You should be a little closer to 5 and 12 than that, especially 12.

And if it measures higher with the drive disconnected, that means it's not voltage regulating properly, which would be another indication of problems.

So go ahead and re-cap it and be done with it.

(sooner or later it's going to need it done anyway)

That way, if any further troubleshooting is necessary, you know for sure that it's not the power supply.


----------



## eboydog (Mar 24, 2006)

If your Tivo power supply is going bad, turning on or off the tv that it's attached to can cause a brief power surge that the power supply can't handle. Remember, there are two connections in common with with TV and tivo, the hdmi cable and the AC outlet which both are probably plugged into gather. Newer flat panel televisions don't pull as much power as the old crt type did but they still pull a lot esp when powered on. 

It might be the hdmi cable but most likely if out of the blue and since the Tivo is old, it's the TiVo's power supply.


----------



## TaterTot24 (Aug 26, 2007)

I ended up having to stay at work an extra 2 hours, so I did not get a chance to disassemble the TiVo... However, I did go ahead and update the TV firmware (already had the USB drive ready) and I was able to turn on the TV without the TiVo being frozen for the first time in about 8 days.

I think it was just coincidence though because when I turned on the TV to flash the firmware, it was not frozen either (there was about a 4 hour difference between the 2 times)...

Anyway, if I am going to open it up again then I am just going to replace the caps. But I will post on here what I find...


----------



## eboydog (Mar 24, 2006)

But if nothing changed and your TV and tivo HD has been working fine, why would you assume it's the tv' firmware fault if out of the blue the Tivo is locked up? While it appears the tv locks up when you turn the tv on, you don't know if the Tivo was already locked up before you turn the tv back on. Just playing the Devils advocate...... 

My money is on a bad power supply or hard drive going bad.


----------



## squint (Jun 15, 2008)

eboydog said:


> While it appears the tv locks up when you turn the tv on, you don't know if the Tivo was already locked up before you turn the tv back on.


It's like Schrödinger's TiVo: both locked up and not locked up at the same time.


----------



## jbarm (Jan 14, 2008)

Just had a similar problem with a S3 HD I picked up a while ago. Freeze or reboot on start.

I pulled the power supply out of one of my extra S3 HD's with no service put it in the balky unit and the thing runs like a dream again.

I would recommend just buying a couple of spare part S3 HD's off of Craigs List if you don't want to go the soldering route.

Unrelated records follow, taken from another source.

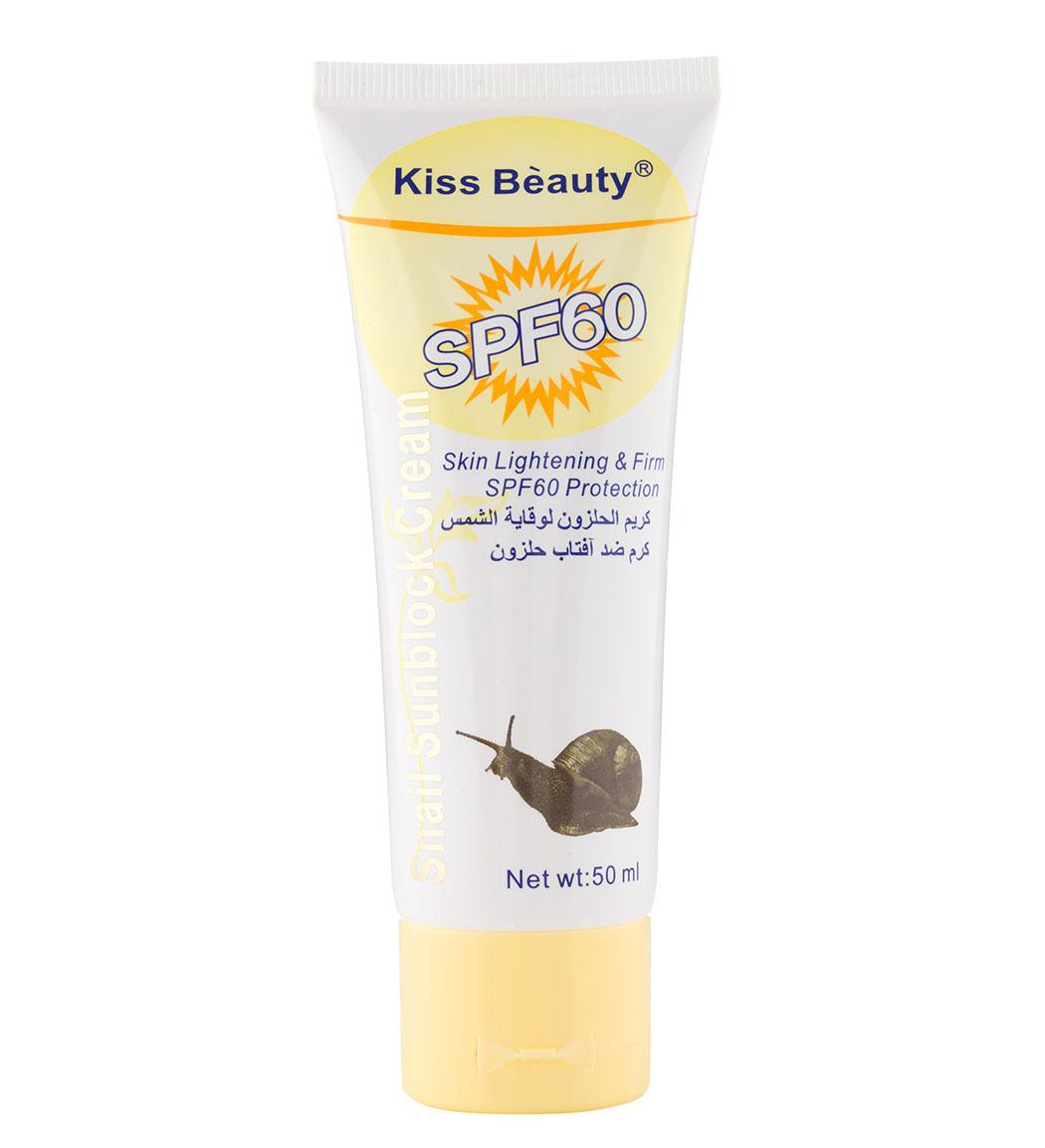 کرم ضد آفتاب حاوی عصاره حلزون SPF60 حجم 50میل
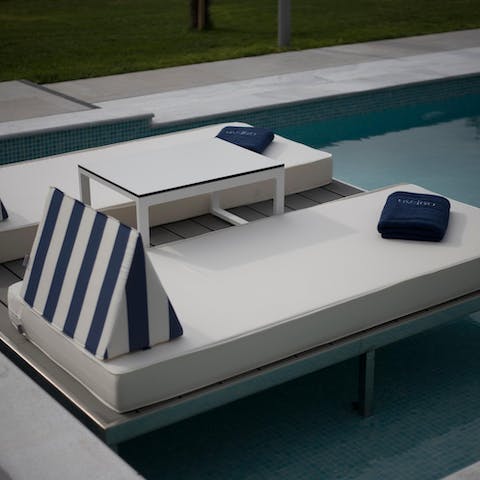 Stretch out on a lounger and soak up the sun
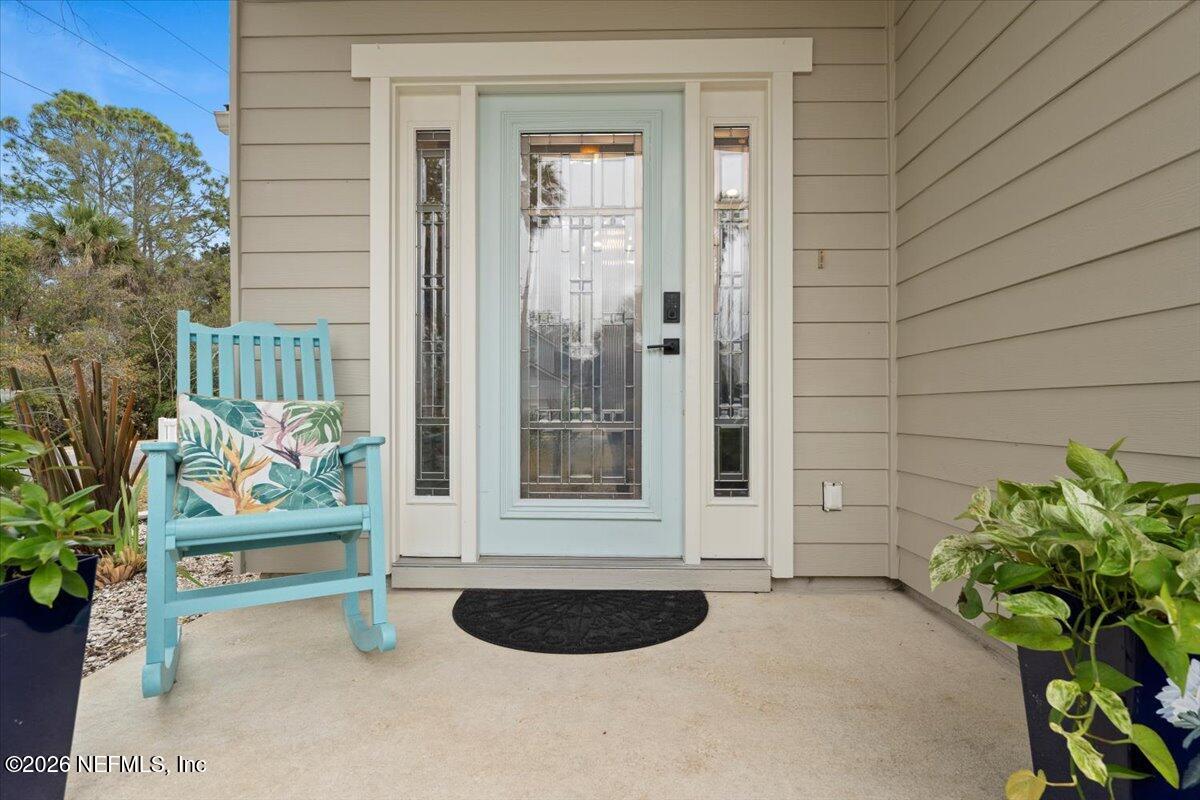 1489 Marshview Court Atlantic Beach, FL 32233 - Photo 4 of 47 a couple of potted plants in front of door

I bought 3 Tivos (1 Premiere and 2 S3 HD's) for a total of $30 (for all) not that long ago as spares. Bonus was that the two S3's had lifetime on them, so I ended up buying another S3 HD for a spare part unit and sold the other two.


----------



## TaterTot24 (Aug 26, 2007)

Well between work and having a newborn, I have had no free time to look at the power supply until now.

I just opened it up and expected to see a couple of bulging capaictors, but I cannot spot a single one. And get this, I brought the TiVo up to work so I would actually get it done today but I forgot the power cable... So no testing the voltages.....


----------



## TaterTot24 (Aug 26, 2007)

I also just realized that I may have ordered the wrong set of capacitors...

I used this thread: http://www.tivocommunity.com/tivo-vb/showthread.php?t=505873 -- but I think my power supply is different...

Anyone have a list of the capacitors for this power supply?


----------



## jrtroo (Feb 4, 2008)

There are two different ones used in a THD. At one time I copied them into a separate file for when I needed to make an order, so I don't have the thread this came from, but Scott deserves the credt:



> That appears to match what's in my TiVo HD. Note that I've only replaced the capacitors in one of my S3 OLED's but while I was upgrading the hard drive in our TiVo HD, I wrote down the capacitor information for future reference.
> 
> TiVo S3 HD capacitor list:
> Acbel Polytech: ST7002-BW0G
> ...


----------



## TaterTot24 (Aug 26, 2007)

Well I was able to use about 5 of the capacitors that I ordered, but the other ~5 I am going to still have to order from Digikey.

Maybe one of the 5 I replaced was the culprit.... (I really doubt it though -- I think it is probably one of three of the 2200uF 16V caps)

Also, just wanted to point out that there are actually 10 electrolytic capacitors on the AcBel power supply... the above list only list 6 of them... I am not sure why the other 4 are omitted...


----------



## TaterTot24 (Aug 26, 2007)

Here is a proper list of the caps for the ACBel power supply:


```
[B][U]Capacitance	Voltage		Location[/U][/B]
470uF		200V		C4
2200uF		16V		C14
2200uF		16V		C17
2200uF		16V		C27
47uF		50V		C23
47uF		50V		C29
100uF		25V		C9
1000uF		6.3V		C15
470uF		16V		C20
1000uF		16V		C31
```


----------



## unitron (Apr 28, 2006)

TaterTot24 said:


> Well I was able to use about 5 of the capacitors that I ordered, but the other ~5 I am going to still have to order from Digikey.
> 
> Maybe one of the 5 I replaced was the culprit.... (I really doubt it though -- I think it is probably one of three of the 2200uF 16V caps)
> 
> Also, just wanted to point out that there are actually 10 electrolytic capacitors on the AcBel power supply... the above list only list 6 of them... I am not sure why the other 4 are omitted...


The big one, rated at 200V, is left out because it doesn't have to work very hard at a high frequency like the medium sized ones near the heat sink(s), and probably isn't a low ESR 105 Degree C cap in the first place--it just filters 60Hz AC (which probably looks like 120Hz once it goes through the bridge rectifier, but that's still a very low frequency from a capacitor's point of view).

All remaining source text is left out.